Mehmet de aynı hisleri hissediyordu. Ondan ayrılmaya dayanamıyordu mezuniyet töreninde hiçbir zaman birbirinden ayrılmayan, yedikleri içtikleri bir olan sıkı dostlar, neredeyse birbirini görmemek ve göz göze gelmemek için sanki ellerinden geleni yapıyorlardı. Kah hocalarının kah arkadaşlarının kah ailelerinin yanına gidiyorlardı.

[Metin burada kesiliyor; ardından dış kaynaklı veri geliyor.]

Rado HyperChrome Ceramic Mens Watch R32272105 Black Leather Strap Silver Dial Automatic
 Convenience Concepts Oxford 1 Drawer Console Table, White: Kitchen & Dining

Artık beklenen o veda vakti geldiğinde. Ömür boyu bizi kimse ayıramaz diyen iki arkadaş, göz göze geldiler, ibrikten su akar gibi gözyaşlarına boğuldular. Öyle sarıldılar ki, sanki bir beden oldular, hiç yıkılmayacak bir sütunu andıran silüet olacak şekilde sımsıkı paylaştılar. Birbirlerine söz verdiler. Bu ayrılış ikisi için geçici bir ayrılış olacaktı. Hiçbir zaman irtibatlarını koparmayacaklar, daima görüşecekler mektuplaşacaklar ne yapıp ne edip her sene bir araya geleceklerdi.
Ama kader ya da hayat şartları veya yeni düzenleri buna fırsat vermedi. O sevincin ve hüznün bir arada yaşandığı günden sonra hiç buluşamadılar, hiç yüz yüze gelip görüşemediler. Önce ayda mektuplaştılar. Sonra üç ay, sonra sene ve en son beş sene önce mektuplaştılar. Beş sene sonra Mehmet'ten oğlunun sünnet düğününe davet mektubu geldi.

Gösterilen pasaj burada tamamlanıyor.